9 He was assigned a grave with the wicked,
and with the rich in his death,
though he had done no violence,
nor was any deceit in his mouth.
10 Yet it was the Lord’s will to crush him and cause him to suffer,
and though the Lord makes his life an offering for sin,
he will see his offspring and prolong his days,
and the will of the Lord will prosper in his hand.
11 After he has suffered,
he will see the light of life and be satisfied;
by his knowledge my righteous servant will justify many,
and he will bear their iniquities.
12 Therefore I will give him a portion among the great,
and he will divide the spoils with the strong,
because he poured out his life unto death,
and was numbered with the transgressors.
For he bore the sin of many,
and made intercession for the transgressors.
When I was in seminary I was given an image of Scripture as a rose. Actually, this image is for Scripture and all of God’s revelation to us. Now, the revelation is developed. In the Scriptures the revelation was developing. You see, today we view the Scriptures looking backwards. We view the Scriptures complete. In addition to that we have close to two thousand years of Theology built on the Scriptures. As the rose grows and forms people are realizing more about who God is and His plan of salvation.
So, if we imagine a rose:
• The roots of the rose would be the only Scripture or Revelation from God that Adam and Eve might have understood.
• The stem of the rose would be Abraham- Moses.
• We would see the early leaves developing and those are the prophets.
• We would see another few leaves being the intertestamental period. There was a lot that happened then.
• We would see another leaf being Jesus’ death and resurrection.
o As this is happening the people are realizing more about who God is and God’s plan of salvation.
• Then there are some more leaves and those are the Apostles.
• Finally we have the Rose start to bud and would the New Testament canon, the Trinity, the church Fathers.
o As all of this happened the people really began to understand more about the character of God and His plan of salvation.

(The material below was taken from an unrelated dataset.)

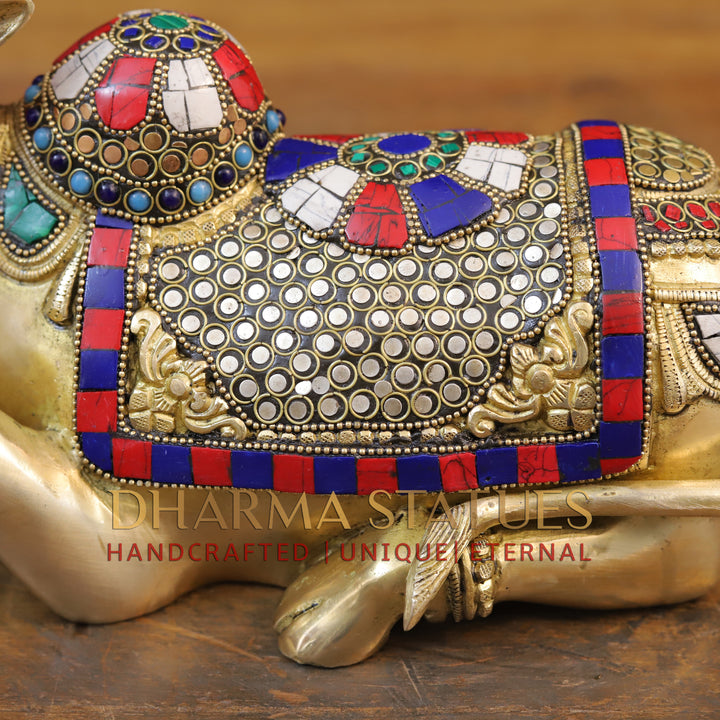 Brass Nandi Sculpture, Seated, Embellished in Divine Hues, Stone Work, 8"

• Now we finally have the flow.
We can look back and we view the Scriptures with this understanding. We view the Scriptures with the understanding of what God has done for our salvation. We view the Scriptures with the doctrine of the Trinity complete. They did not understand that in the Old Testament. But when we read the Old Testament we do so with an understanding of the cross.
So, that brings us to such an important passage as Isaiah 53. We view the passage looking backwards. I read the passage, now listen to Romans 5:6-8 showing how Jesus fulfilled this passage.
Romans 5:6-8:
You see, at just the right time, when we were still powerless, Christ died for the ungodly. 7 Very rarely will anyone die for a righteous person, though for a good person someone might possibly dare to die. 8 But God demonstrates his own love for us in this: While we were still sinners, Christ died for us.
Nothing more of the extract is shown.